- **Instructions to follow**: Please reproduce the listing word for word. Pictures stay out.

- **Supplied data**:
****
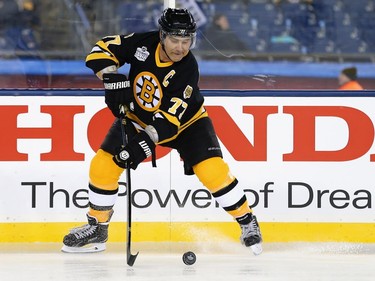 Ray Bourque #77 of the Boston Bruins skates against the Montreal Canadiens during the 2016 Bridgestone NHL Winter Classic  Alumni Game at Gillette Stadium on December 31, 2015 in Foxboro, Massachusetts.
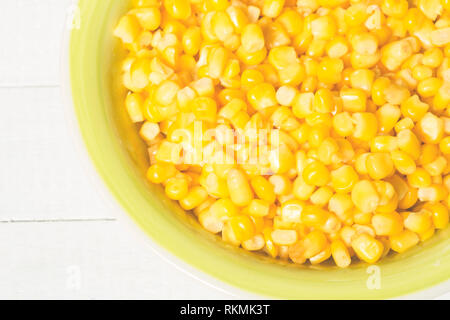 Gekochte Maiskörner in eine Schüssel geben. Stockfoto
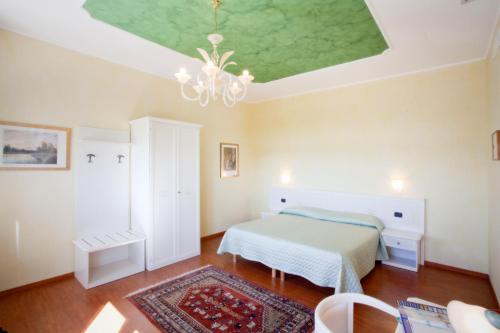 A bed or beds in a room at Villa Dei Dogi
****
- **Solution to the problem**:
 Ray Bourque #77 of the Boston Bruins skates against the Montreal Canadiens during the 2016 Bridgestone NHL Winter Classic  Alumni Game at Gillette Stadium on December 31, 2015 in Foxboro, Massachusetts.
 Gekochte Maiskörner in eine Schüssel geben. Stockfoto
 A bed or beds in a room at Villa Dei Dogi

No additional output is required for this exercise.